GHO operates as a decentralized stablecoin that generates yield, is backed by excess collateral, and is managed by the Aave decentralized autonomous organization (DAO). This DAO is responsible for determining interest rates and maintaining collateral standards.

Harnessing the Power of DeFi

On February 13, it was disclosed by the Ethereum Foundation (EF) that a total of 45,000 ETH—valued at approximately $120 million at the time—had been deployed into three decentralized finance (DeFi) protocols: Aave, Spark, and Compound. The majority of the allocation was directed to Aave, with 10,000 ETH placed in Aave Prime and 20,800 ETH in Aave Core.

At that moment, the Ethereum Foundation indicated that staking was being explored, along with various other decentralized finance (DeFi) opportunities.

A request for comment was sent to the Ethereum Foundation , but no response was provided by the organization.

Cease Asset Liquidation

The Ethereum Foundation has come under criticism for its periodic sales of ETH to support daily operations. Critics argue that leveraging its holdings to earn yield could serve as a more efficient method of funding its activities.

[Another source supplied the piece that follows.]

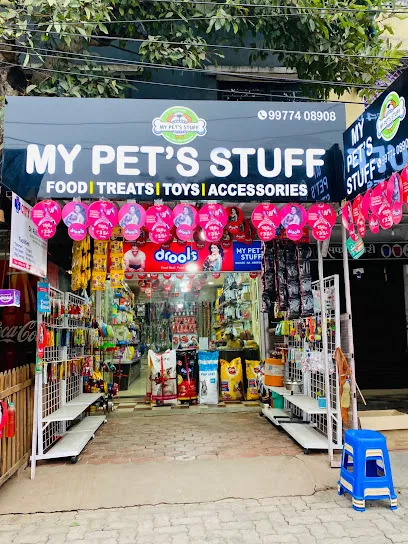 My Pets Stuff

Ethereum developer Eric Conner voiced disapproval of the foundation’s practice of liquidating ETH, remarking in January that staking ETH and utilizing DeFi could potentially cover a substantial portion, if not the entirety, of its internal expenditures.

Vitalik Buterin addressed the matter by highlighting two primary concerns. The initial issue, according to him, was related to regulatory challenges—a concern that he noted has been gradually diminishing, likely due to the more favorable stance toward crypto regulation adopted by the current U.S. administration.

The second point raised was that staking directly by the Ethereum Foundation would, in effect, compel it to take a side in any potential controversial hard fork. However, it was also mentioned that the Foundation is exploring methods to mitigate this risk.

By venturing into DeFi lending, the Ethereum Foundation seems to be initiating efforts to reduce its reliance on selling ETH to support operations.